I love blowguns. I normally shoot my homemade blowguns from that distance at my targets, and consistantly nail the bullseye. I loved this video. What bore diameter is your blowgun? I make mine from 1/2" emt. I make my darts from nails and bamboo skewers, with paper cones strengthened with super glue. That was some excellent shooting!
Roger


----------



## treefork (Feb 1, 2010)

Daddy-O said:


> I love blowguns. I normally shoot my homemade blowguns from that distance at my targets, and consistantly nail the bullseye.
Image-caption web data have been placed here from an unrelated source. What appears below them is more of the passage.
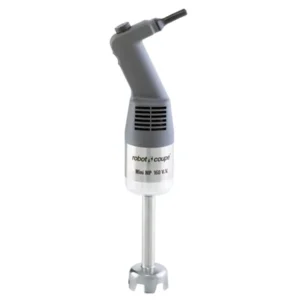 Robot Coupe Mini Mp 160 V.V 140W 160Mm El Blender & El Mikseri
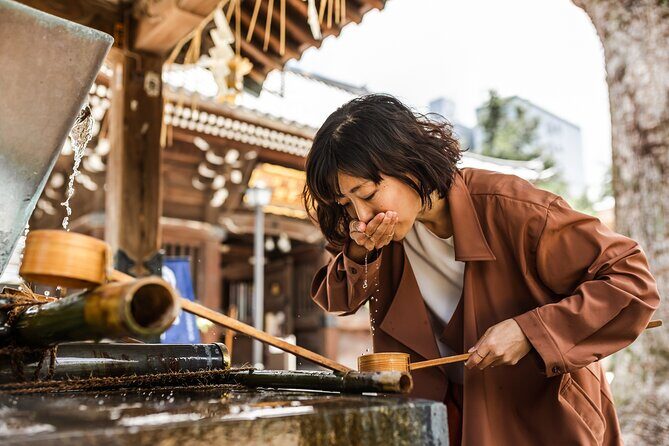 Fukuoka Private & Personalized Introductory Tour with a Local - What You Can Expect in Terms of Experience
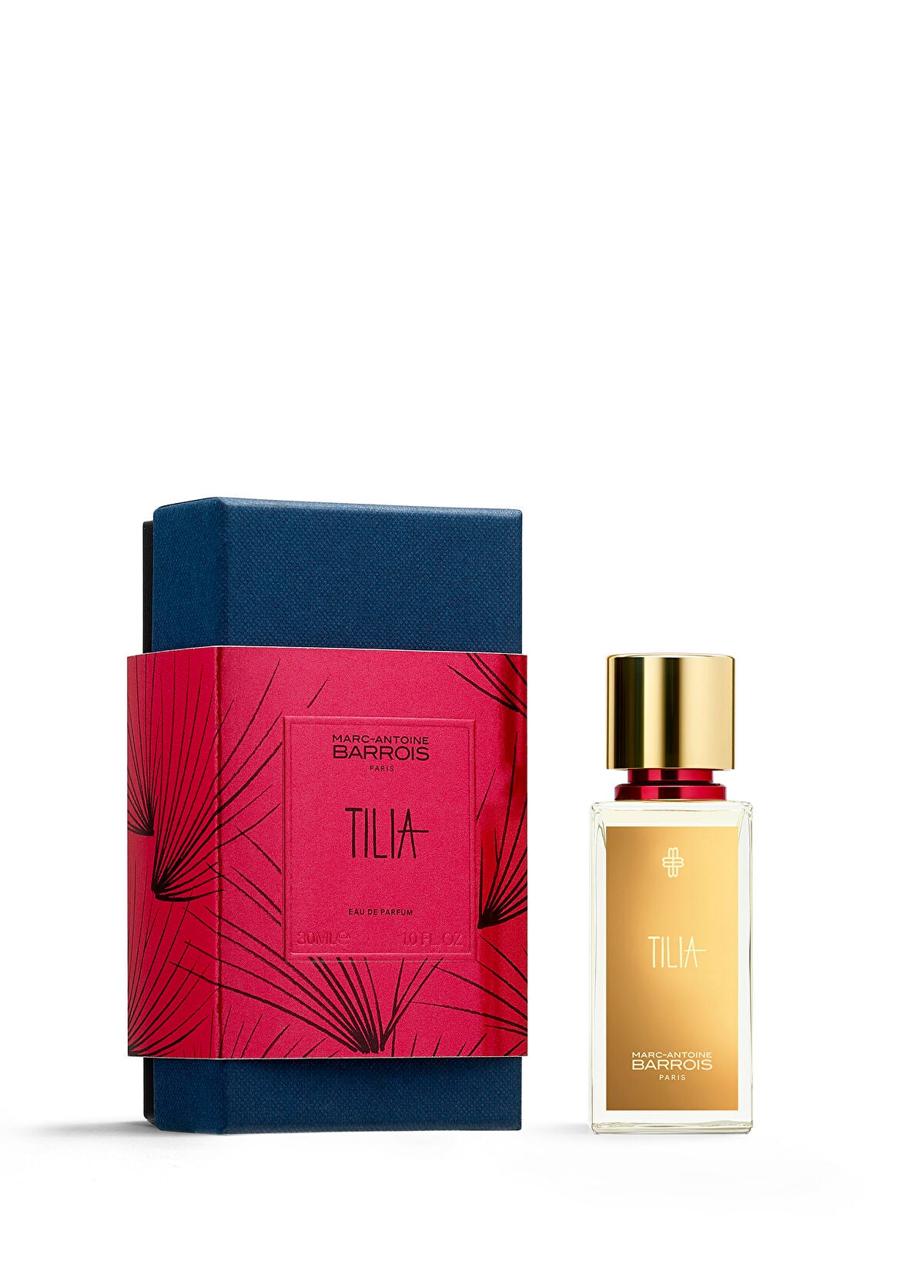 Marc-Antoine Barrois Tilia EDP 100ML JLT Orjinal Erkek Parfüm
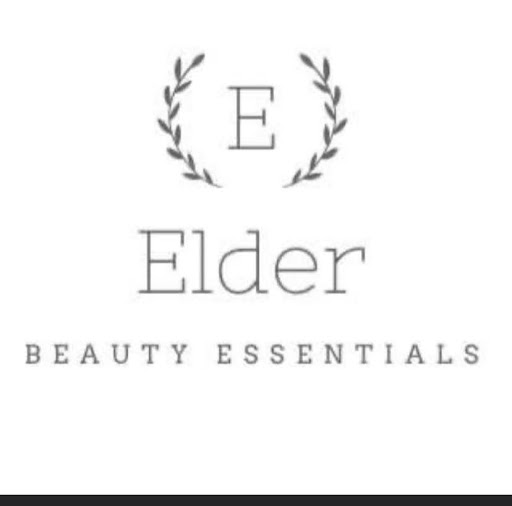Elder Beauty Essentials & Esthetics logo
I loved this video. What bore diameter is your blowgun? I make mine from 1/2" emt. I make my darts from nails and bamboo skewers, with paper cones strengthened with super glue. That was some excellent shooting!
> Roger


This video was a 40 cal 6 foot two piece with 5 inch spear head darts.


----------



## Daddy-O (May 10, 2014)

If you haven't done so yet, I highly recommend you try a 7' piece of 1/2" emt conduit. Cold Steel also makes a big bore blowgun and factory darts for it.
Roger


----------



## treefork (Feb 1, 2010)

Daddy-O said:


> If you haven't done so yet, I highly recommend you try a 7' piece of 1/2" emt conduit. Cold Steel also makes a big bore blowgun and factory darts for it.
> Roger


Oh I know. All my other videos are big bore shots. Just wanted to show you can hit with the small bores. I thought it would be a nice shot with the dart sticking out of a free hanging eraser.


----------



## GrayWolf (May 14, 2012)

That is some awesome shooting! Maybe I can get some lessons in August.

Todd


----------



## Daddy-O (May 10, 2014)

I don't think I mentioned it, but that was an awesome shot with a 40cal! I hope you'll do more videos with your other blowguns. Maybe next time have someone stand in front of a sheet of plywood with balloons in their hands and mouth. You can shoot the balloons. I bet your wife would volunteer. Haha!

Roger


----------



## mr. green (Nov 3, 2012)

Great shooting Treefork. You inspire us all. Thank you for sharing.


----------



## NaturalFork (Jan 21, 2010)

Incredible! That is an amazing blowgun shot.


----------



## rockslinger (Nov 16, 2010)

Amazing shooting!!


----------



## Mr.Teh (Feb 28, 2012)

The accuracy in your videos is breathtaking, Top shooting !!


----------